Por: Gerardo Aldana García
Según expertos y la propia Comisión Económica para América Latina – CEPAL, el subdesarrollo en la región se presenta asociado con: pesadas deudas externas; desaparición del rol del Estado con altos niveles de corrupción; elevados índices de fragmentación social y descreimiento hacia las instituciones; profunda brecha tecnológica; asimetrías estructurales; bajo desempeño externo; pobreza y guerra entre otras sensibles variables. De acuerdo con Naciones Unidas, un individuo está sumido en esta situación cuando subsiste con menos de 1,90 dólares diarios, es decir aproximadamente 7.100 pesos colombianos. Colombia tiene 48’258.494 habitantes de los cuales poco más de 11 millones de personas viven en las zonas rurales en un escenario poblacional caracterizado fundamentalmente por campesinos pobres con predominancia de labriegos sin tierras, agricultores marginales en zonas críticas de escaza producción, indígenas, pastores y pescadores de ribera. Las mujeres son especialmente propensas a padecer privaciones y carecer de acceso a activos productivos. Resulta inadmisible que justamente las personas que generan la comida para la inmensa masa poblacional del país, los campesinos, sean precisamente las que vivan con mayor intensidad los altos índices de pobreza. Sobre esto existen sendos tratados de expertos que atribuyen las causas a mal manejo de la cosa pública en la aplicación de las múltiples políticas que establece profusamente el gobierno de turno cada cuatro años. Y esto es cierto. No podríamos apartarnos de tal connotación para seguir lamentando la injusticia que viven nuestros campesinos. El Huila es rico en tierras aptas para lograr productividad y mejoramiento del nivel de vida del agricultor; sin embargo, sigue siendo una quimera, un sueño que no se hace materia, como la pensión del coronel de García Márquez que no tiene quien le escriba.

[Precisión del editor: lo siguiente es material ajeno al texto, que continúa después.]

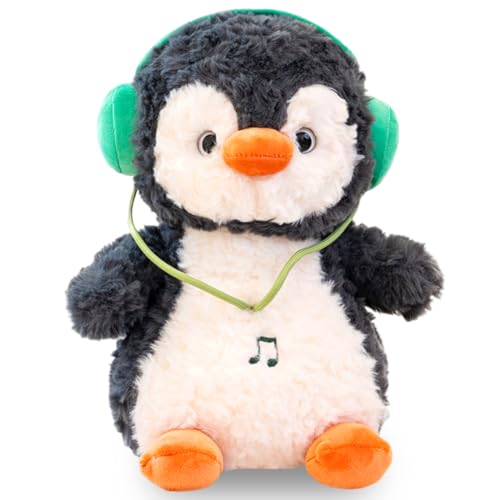 OZXVXZO Pinguin Kuscheltier, Pinguin Kuscheltier Süß, Pinguine Stofftier Plüschtier, Plüschpinguin Kissen Puppe Geschenk für Fans Kinder Mädchen Jungen, 23cm von OZXVXZO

Pero es justo reconocer también que la pobreza pasa por un indefectible rasgo de actitud pasiva frente a la superación de los problemas. Nuestros entrañables campesinos forman parte de ese inmenso colectivo nacional y departamental que aún no logra ingresar al universo de la actitud mental positiva. Existe una marcada proclividad a pensar que las cosas andan mal, lo cual va dando forma paulatinamente a una vida marcada por el estancamiento. El pensamiento es energía. Sin las ideas y la actitud no existen las cosas materiales, tampoco las intangibles. Mientras nuestros campesinos no cambien la forma de pensar frente al progreso, seguirán viviendo en el mundo del inconsciente colectivo rural en donde prevalecen los imaginarios del estancamiento, aquellos que desde su interior le decretan la imposibilidad de salir adelante. Esto viene asociado a hábitos de vida que se traducen en prácticas deficientes a la hora de producir sus cultivos, con una indiferencia en la aplicación de técnicas, tecnologías e incluso de prácticas culturales de cultivo, lo que inevitablemente lleva al menoscabo de los ingresos económicos de la familia campesina, con un marcado sacrificio de padres agricultores que reconocen que el campo no ha sido su mejor experiencia de vida y por lo que sueñan que sus hijos deben crecer y abandonar la finca, su terruño, migrando hacia ciudades en donde creen que pueden encontrar un futuro mejor, lo cual no ocurre para la gran mayoría de jóvenes campesinos que engrosan el desempleo urbano. El cambio hacia la productividad y la competitividad, antes de ser físico, debe ser ideológico. La mente del campesino ha de ser empoderada metodológicamente, mediante estrategias de actitud mental positiva, auto estima, liderazgo, trabajo en equipo, resiliencia, coaching, etc. De nada sirve estar en una tierra de riqueza si se vive mentalmente un mundo de pobreza.